Bill Taylor, the US charge d’affaires in Ukraine, testified before the three House committees on Tuesday, speaking about Trump, Ukraine and military funding. Taylor’s 15-page opening speech was released to the public.
Although Taylor’s opening speech was published by CNN, his testimony took place behind closed doors. In his speech, Taylor, who assumed the role of US interim ambassador to Ukraine in June, said he was told by various US officials at different times that some $391 million in military aid to Ukraine that Trump withheld in May was “conditioned” on investigations into Burisma Holdings – the Ukrainian gas company where Hunter Biden was a board member – and alleged Ukrainian interference in 2016 elections.
The ambassador admits he has not read the transcript of the notorious 25 July phone call between Trump and Ukrainian President Volodymyr Zelensky which House Democrats claim constitutes a “quid pro quo” demand – an allegation they use to justify the ongoing impeachment inquiry against the president.
The document refers only to items Taylor was told by persons other than Trump.
The ambassador describes in his note that he was aware that bilateral relations between the two countries were conducted via two channels: an official one, led by himself; and an unofficial one which “included” then-Special Envoy to Ukraine Kurt Volker, US Ambassador to the EU Gordon Sondland, Secretary of Energy Rick Perry and Trump’s personal lawyer Rudy Giuliani.
According to the document, Taylor came to understand that a meeting between Trump and Zelensky was “conditioned” on the investigation into Burisma and the alleged 2016 election interference.
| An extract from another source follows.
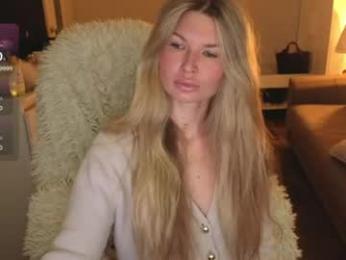 mia_mils webcam model stream image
Also in July, Taylor learned that Washington had denied monetary aid to Ukraine.
On 1 September, Taylor had a phone call with Tim Morrison, senior director for weapons of mass destruction and biodefense at the National Security Council (NSC). Morrison told Taylor about a conversation between Sondland and Andrei Yermak, Zelensky’s aide. According to Morrison, Sondland told Yermak that “the security assistance money would not come until President Zelensky committed to pursue the Burisma investigation,” the document said.
After Taylor phoned Sondland, the EU ambassador told him that Trump wanted Zelensky to state publicly that “Ukraine will investigate Burisma and alleged Ukrainian interference.” According to Sondland, it was not only the meeting between the presidents, but “everything” that was conditioned on Zelensky’s public statement on the investigations.
On 7 September, Morrison told Taylor about another phone call, this time between Sondland and Trump. According to Morrison, Trump told Sondland that he was not asking for a “quid pro quo,” but insisted that Zelensky “goes to microphone” and says he is opening investigations into Burisma and the 2016 election interference. The next day, Sondland confirmed to Taylor that Trump “wanted Zelensky to clear things up and do it in public,” and that the president said it was not a “quid pro quo.”
Sondland said that he told Zelensky and Yermak that, although it is not a “quid pro quo” if Zelensky himself does not “clear things up” in public, the US and Ukraine will nonetheless be at a “stalemate.” According to Sondland, Zelensky eventually agreed to make that statement in an interview with CNN.
US military and weapons funding was eventually released to Ukraine on 11 September.
The White House dismissed the testimony as “triple hearsay,” adding that it mischaracterized Trump’s communications with Zelensky.
“President Trump has done nothing wrong… There was no quid pro quo. Today was just more triple hearsay and selective leaks from the Democrats’ politically-motivated, closed door, secretive hearings,” White House spokesperson Stephanie Grisham said in a Tuesday statement.
On September 24, US House Democrats launched an impeachment probe over a whistleblower complaint that claims Trump, during a 25 July phone call, abused his power by pressuring Zelensky into investigating Joe and Hunter Biden for corruption.